Farmers need to monitor the condition of manure storage structures as well as all manure transfer pipes pumps and valves to ensure they are performing as expected under unexpected and severe weather conditions. Michigan State University Extension recommends that all farms develop a regular schedule to inspect each component of manure storage and pumping equipment.
Farm size and complexity of the manure storage system, mechanical devices (pumps and valves), relative distance to water, type of storage structure and occurrence of rainfall or snowmelt – should all be considered when determining inspection frequency. Regular checks and maintenance of all pumps, agitators, piping, valves and other mechanical and electrical equipment will ensure everything is in good operating condition and minimize the risk of any spills or leaks. Permitted farms are required to check all manure transfer equipment and manure storage structures weekly. The extreme cold may necessitate checking more often. Small and medium livestock farms should initiate a monitoring process if they haven’t already. Developing a checklist of items to be inspected, including dates and times of inspection, may be a useful tool to ensure a thorough, timely and regular process.
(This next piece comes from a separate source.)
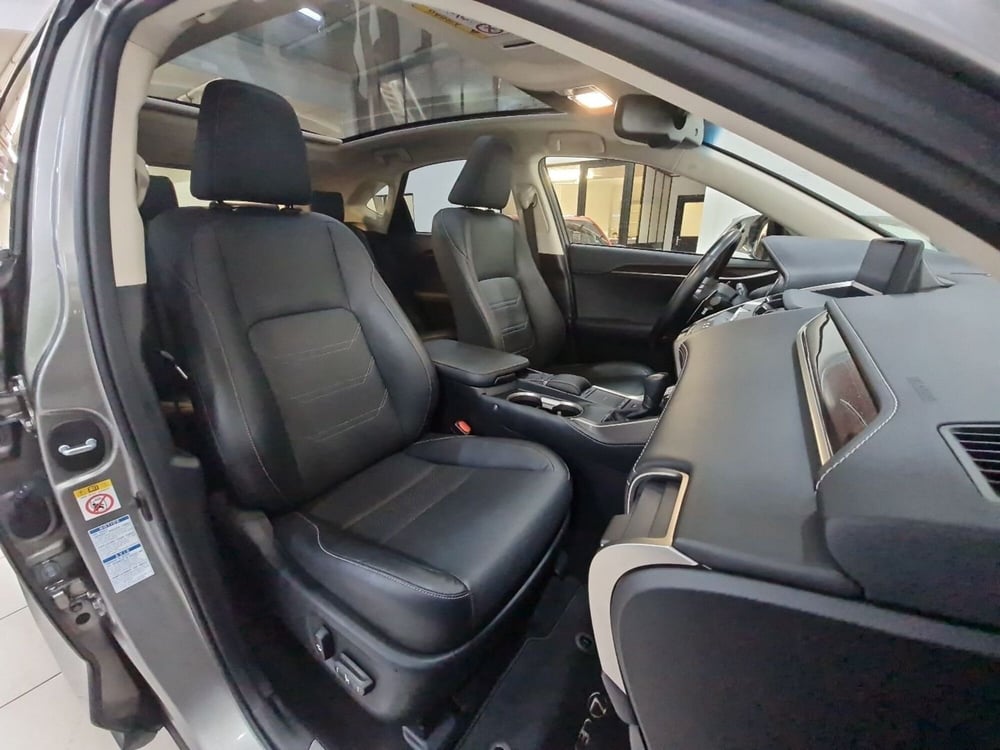 Lexus NX usata a Bologna (12)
Given the recent rain and snowmelt, farms should confirm there is adequate freeboard in their liquid or slurry
The heavy snowfall this winter may make it difficult for livestock producers to check the integrity of earthen or concrete storage structures but that makes it all the more crucial they be monitored. It has been an unusually long, cold winter and the weather will be taking its toll on the equipment depended upon to move manure from collection points to long-term storage structures. Spills may be caused by burst or ruptured piping, or by leaking joints.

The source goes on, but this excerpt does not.